Characterizing the structure of lithium metal batteries using local ultrasonic resonance spectroscopy (LURS)

Nondestructive characterization of battery structures is important as both a research tool and as a means for developing reliable prognostics for batteries in service. Local Ultrasonic Resonance Spectroscopy (LURS) is a technique that measures spatially localized through-thickness vibrational resonances in layered materials. In battery cells, LURS measurements can reveal layer spacing and changes in mechanical properties. This study examines changes in structure that occur from fabrication to end of life for batteries cycled under different conditions as a demonstration of the capabilities of the LURS approach.
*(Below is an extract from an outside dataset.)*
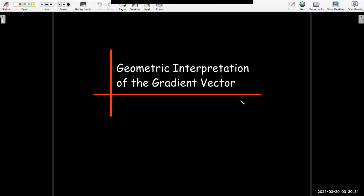In this video, we're going to continue our discussion of directional derivatives and the gradient. We're going to focus on some geometric interpretations of the gradient vector.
Lithium metal pouch cell batteries were studied in both single- and multi-layer form factors. The cells were electrically cycled under constant current conditions at charge rates ranging from 0.2 C to 2 C, where 1 C is the charge rate (C-rate) required to fully charge a battery in one hour. In addition to varying charge rates, cells were also cycled under different temperatures and loading conditions, leading to a wide variety of electrode structures at end of life. LURS scans were conducted at various points in the battery lifetime to examine how damage developed. Multiple processing methods are shown, which help to reveal information about the internal resonance in each case and the ways in which resonance changes due to cell aging and spatial variation in the layered structure. Scan data in some instances showed evidence of manufacturing defects such as foreign object debris (FOD) on the electrode surface. In other cases, scan data showed spatial variation in degradation of the lithium anode surface that was dependent on the charge rate, loading scenario, or cycling temperature.